**DATA SHOWN**

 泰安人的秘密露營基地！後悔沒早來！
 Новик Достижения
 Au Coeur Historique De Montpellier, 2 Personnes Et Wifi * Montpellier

**AIM OF THE EXERCISE**
All of the lines above should be returned exactly as written.

**EXPECTED OUTPUT**
 泰安人的秘密露營基地！後悔沒早來！
 Новик Достижения
 Au Coeur Historique De Montpellier, 2 Personnes Et Wifi * Montpellier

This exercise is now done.